▶ [ASSIGNED TASK]:
Go to the line holding "PEAK ZAPATILLA DE" in the data below and repeat it exactly, then each line after it up to and including the one holding "Flower - Canterbury". Omit pictures.

▶ [SUPPLIED MATERIAL]:
* * * * *
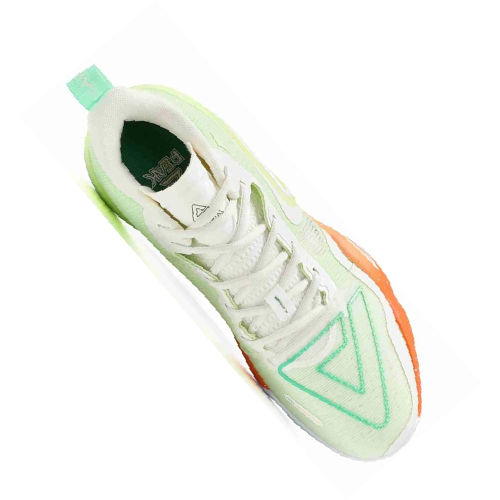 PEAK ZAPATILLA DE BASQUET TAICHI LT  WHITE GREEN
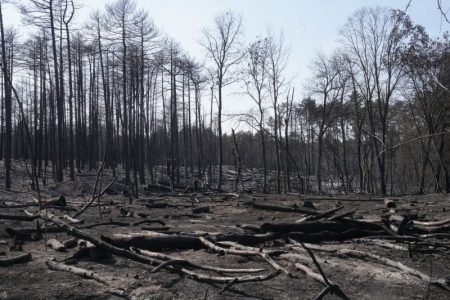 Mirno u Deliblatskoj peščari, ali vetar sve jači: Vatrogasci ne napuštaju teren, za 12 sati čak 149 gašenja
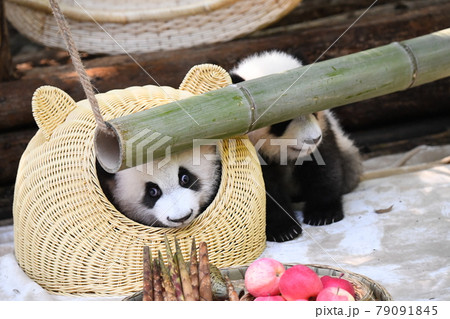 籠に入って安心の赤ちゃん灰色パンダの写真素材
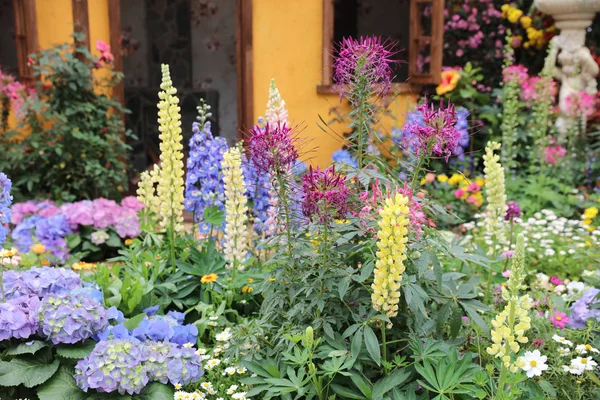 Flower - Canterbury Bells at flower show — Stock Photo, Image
* * * * *
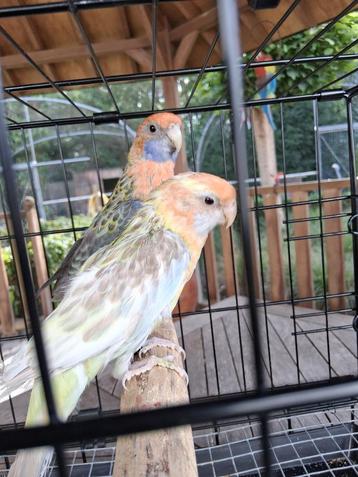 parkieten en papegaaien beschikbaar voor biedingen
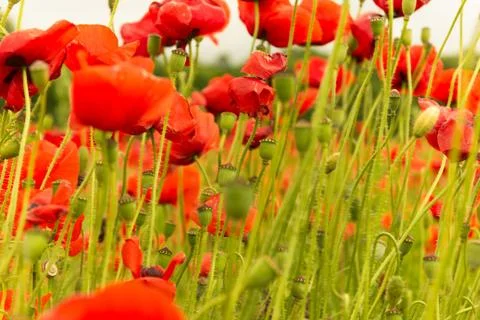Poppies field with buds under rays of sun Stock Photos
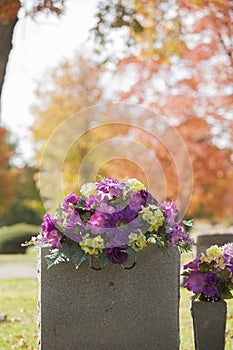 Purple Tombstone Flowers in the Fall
* * * * *
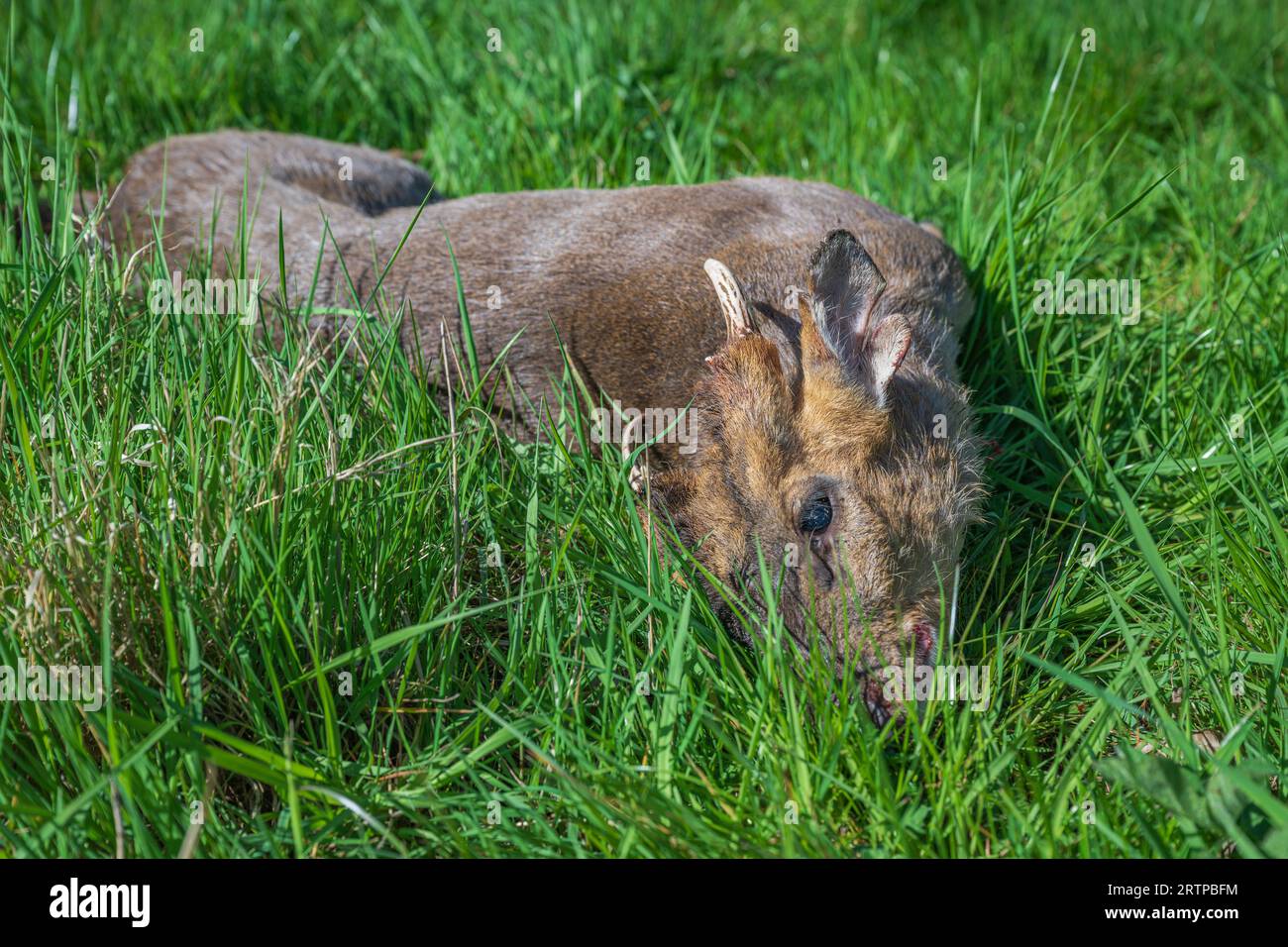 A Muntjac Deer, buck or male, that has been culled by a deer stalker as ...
* * * * *
▶ [ANSWER SECTION]:
 PEAK ZAPATILLA DE BASQUET TAICHI LT  WHITE GREEN
 Mirno u Deliblatskoj peščari, ali vetar sve jači: Vatrogasci ne napuštaju teren, za 12 sati čak 149 gašenja
 籠に入って安心の赤ちゃん灰色パンダの写真素材
 Flower - Canterbury Bells at flower show — Stock Photo, Image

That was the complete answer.